**PROBLEM STATEMENT:**
Pictures are to be left out. Return exactly the lines below from the one with "Double click the" up to and including the one with "It comes included".

**DATA SHOWN:**

########

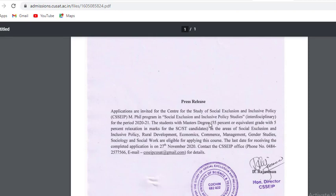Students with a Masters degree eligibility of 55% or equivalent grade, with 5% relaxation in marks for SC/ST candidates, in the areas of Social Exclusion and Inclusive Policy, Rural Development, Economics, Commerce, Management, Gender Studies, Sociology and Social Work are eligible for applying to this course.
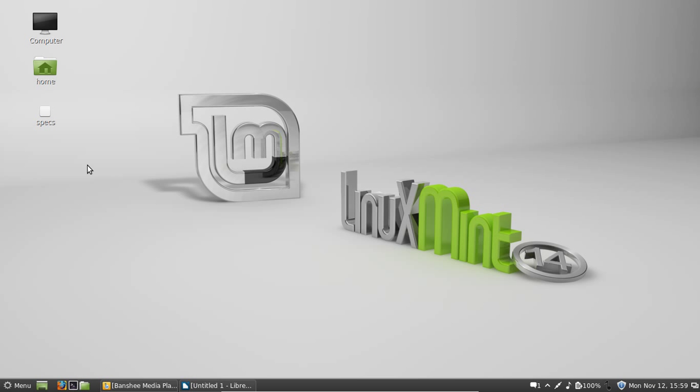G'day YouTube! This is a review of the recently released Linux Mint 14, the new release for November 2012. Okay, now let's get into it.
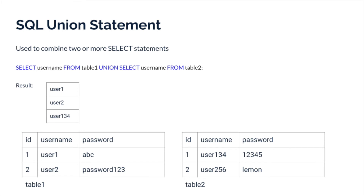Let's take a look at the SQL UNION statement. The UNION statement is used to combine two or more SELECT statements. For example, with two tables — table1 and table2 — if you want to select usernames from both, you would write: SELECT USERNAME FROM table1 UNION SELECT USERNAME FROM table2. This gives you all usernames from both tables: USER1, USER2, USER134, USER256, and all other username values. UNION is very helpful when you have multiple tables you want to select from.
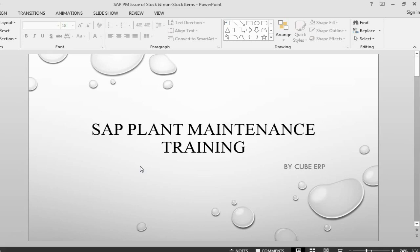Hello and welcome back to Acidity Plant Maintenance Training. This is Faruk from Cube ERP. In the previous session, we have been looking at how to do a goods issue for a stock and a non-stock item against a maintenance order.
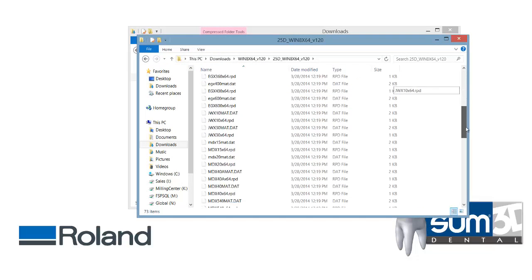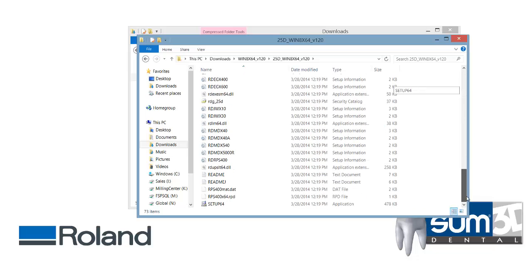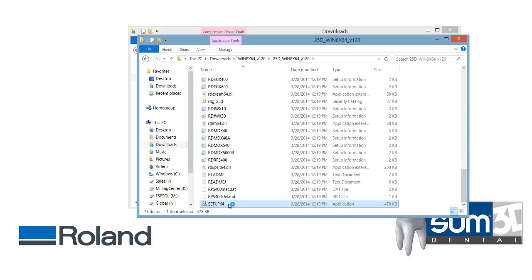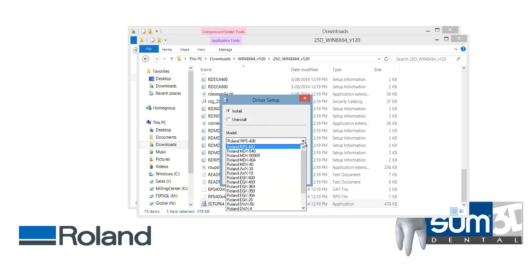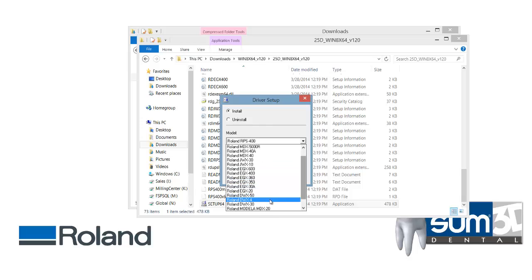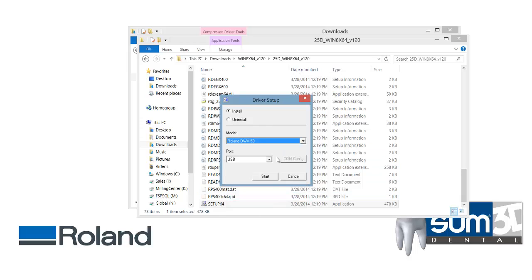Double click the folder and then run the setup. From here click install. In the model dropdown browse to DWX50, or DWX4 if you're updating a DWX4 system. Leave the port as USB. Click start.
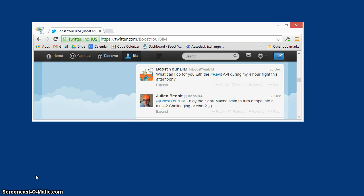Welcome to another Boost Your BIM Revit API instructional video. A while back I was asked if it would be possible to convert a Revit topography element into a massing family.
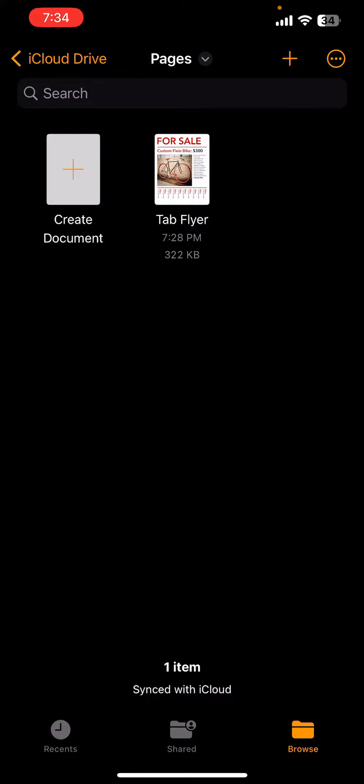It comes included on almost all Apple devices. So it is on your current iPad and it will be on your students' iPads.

########

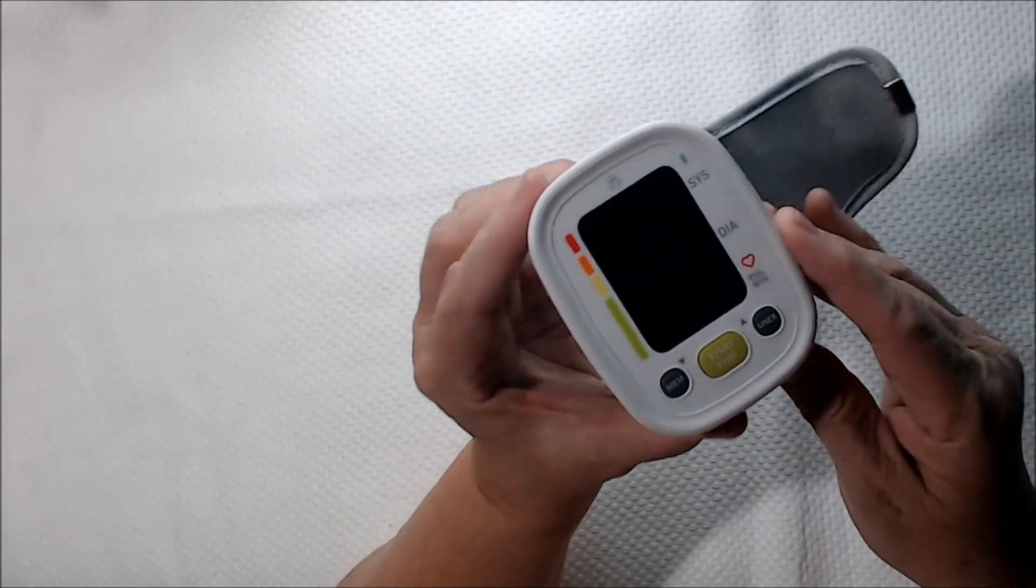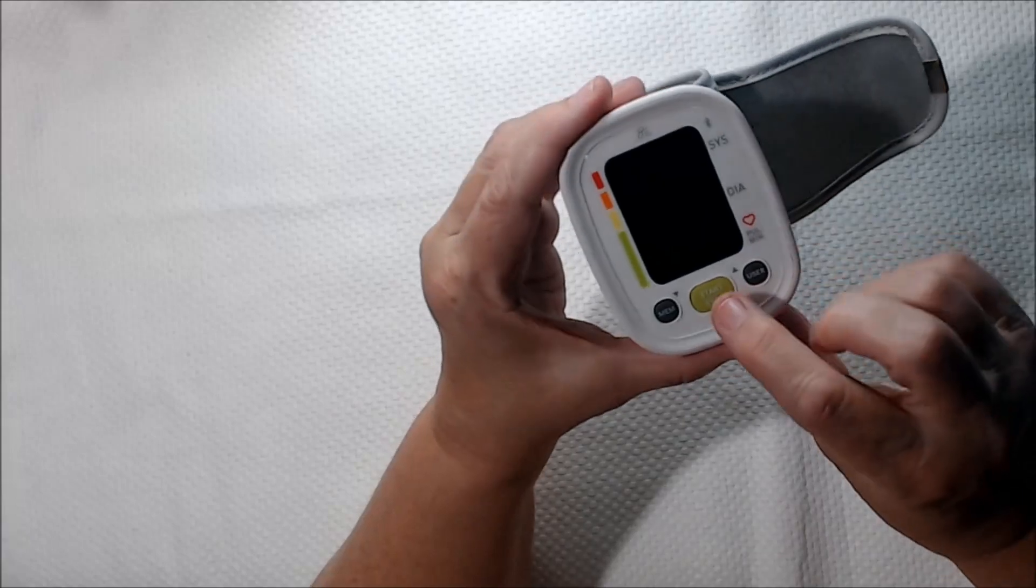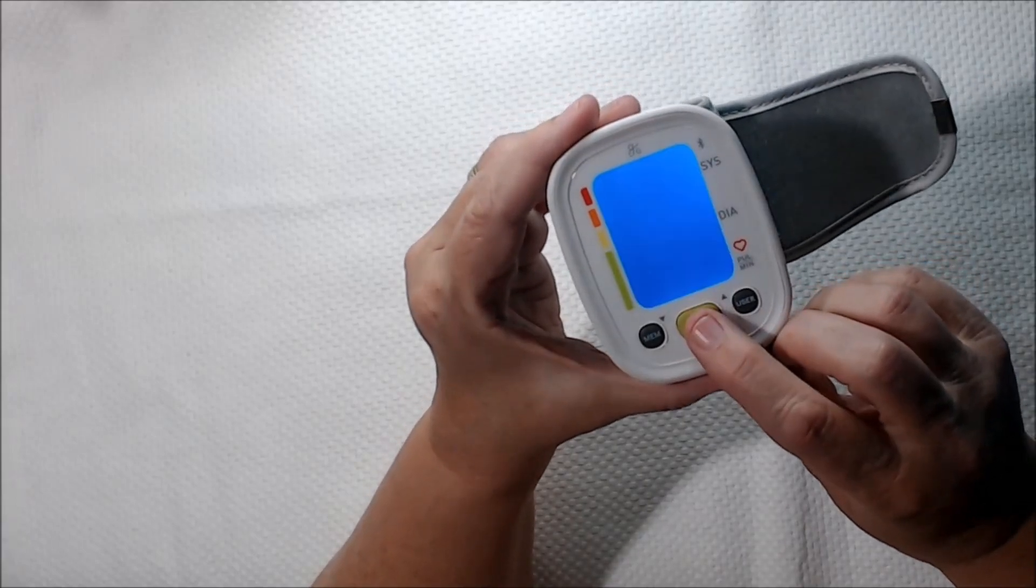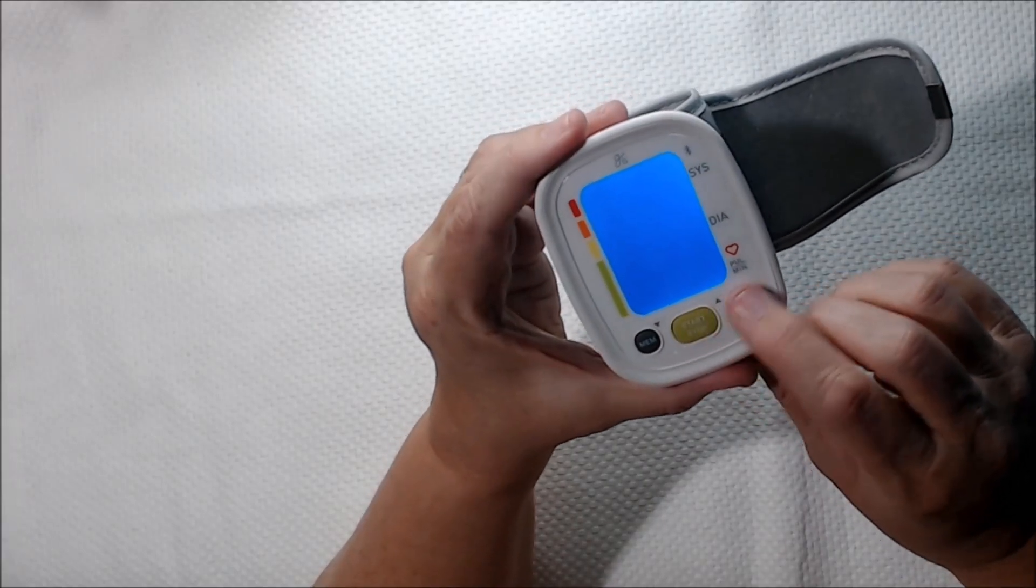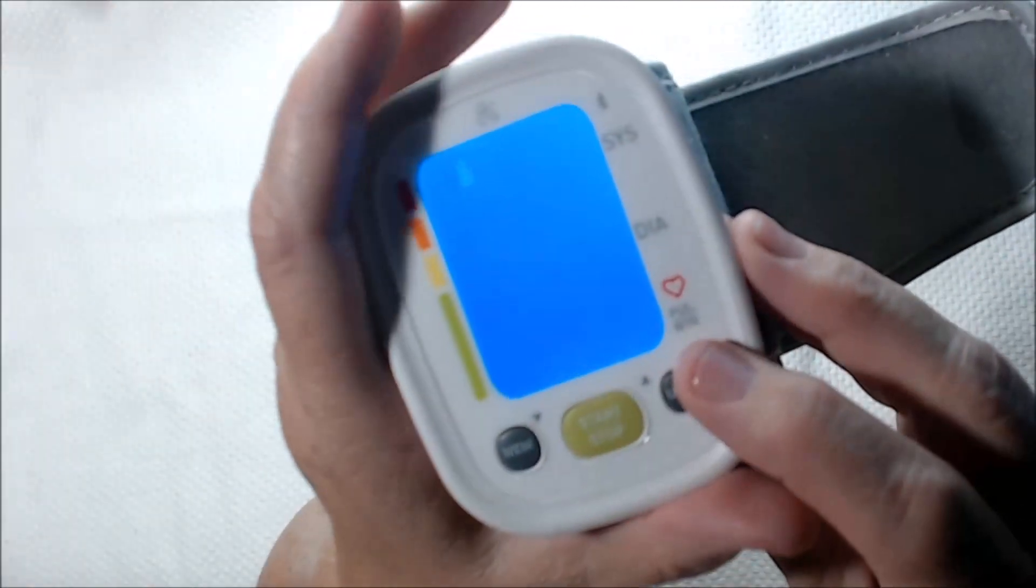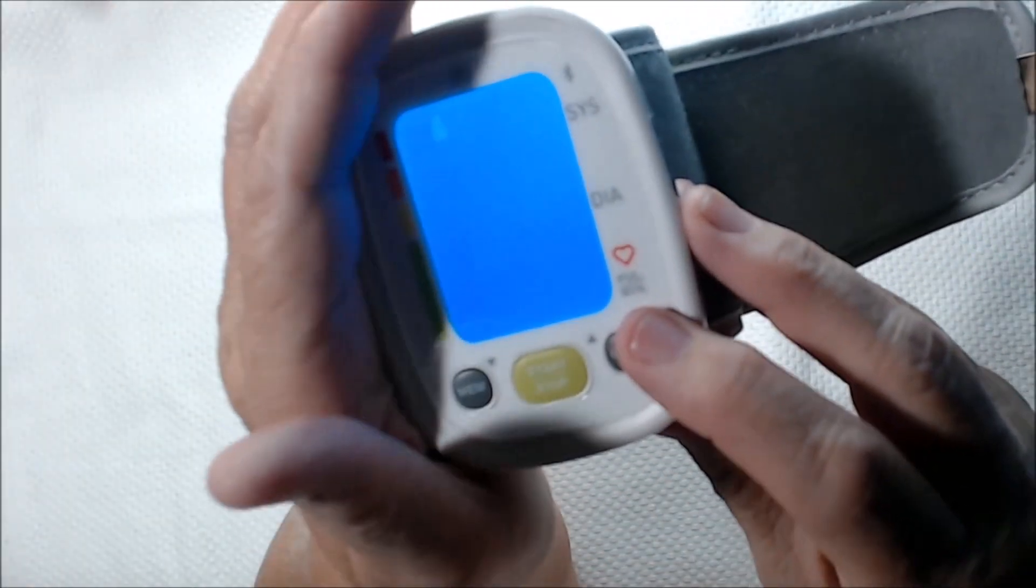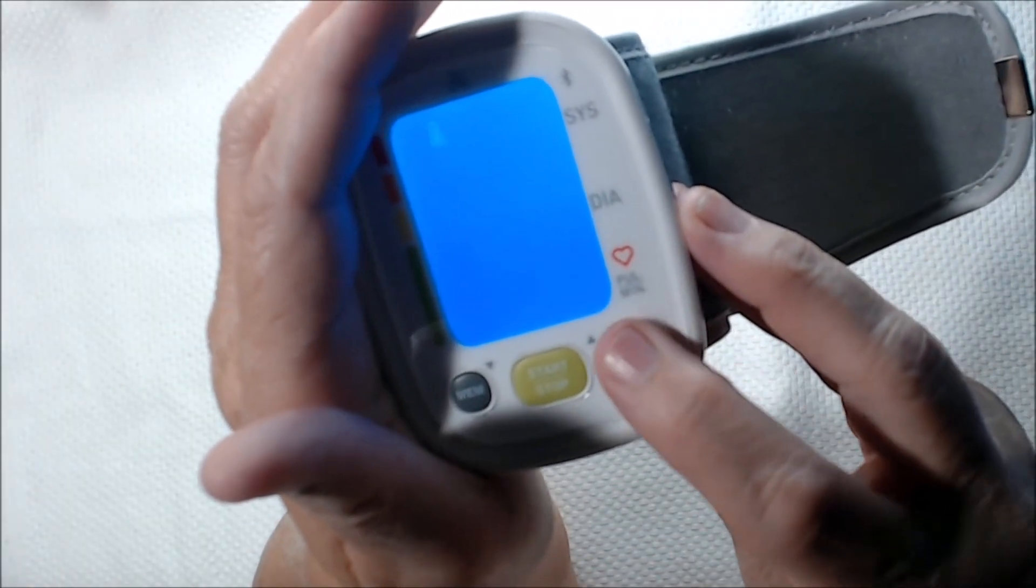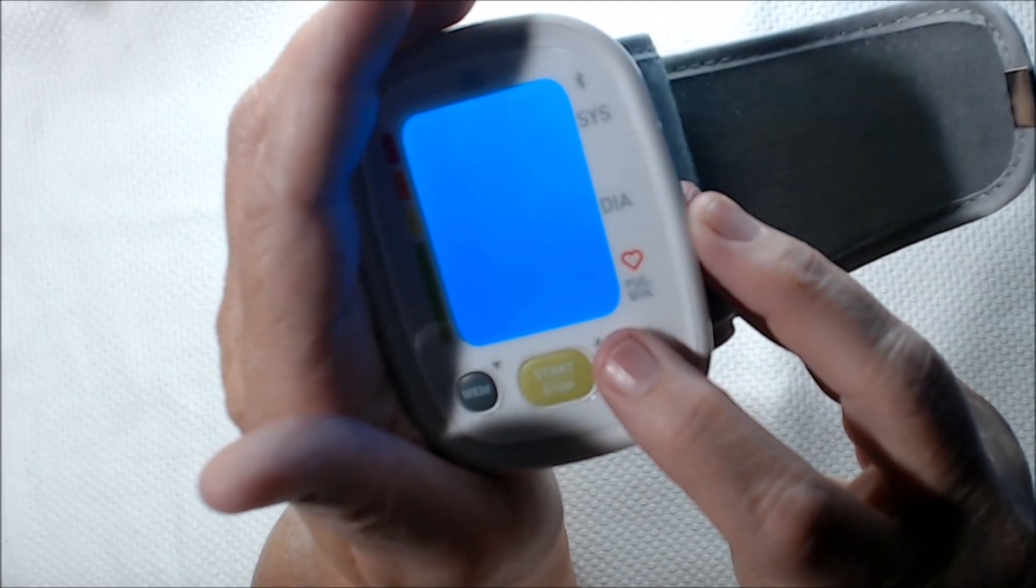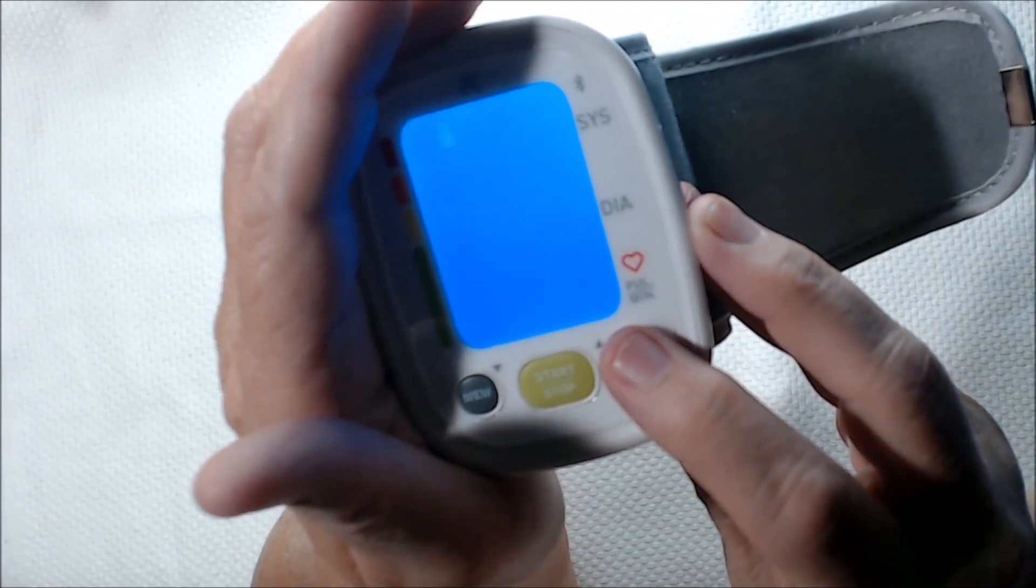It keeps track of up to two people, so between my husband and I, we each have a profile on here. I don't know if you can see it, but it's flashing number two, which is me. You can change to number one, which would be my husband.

########

**WRITTEN SOLUTION:**
Double click the folder and then run the setup. From here click install. In the model dropdown browse to DWX50, or DWX4 if you're updating a DWX4 system. Leave the port as USB. Click start.
Welcome to another Boost Your BIM Revit API instructional video. A while back I was asked if it would be possible to convert a Revit topography element into a massing family.
It comes included on almost all Apple devices. So it is on your current iPad and it will be on your students' iPads.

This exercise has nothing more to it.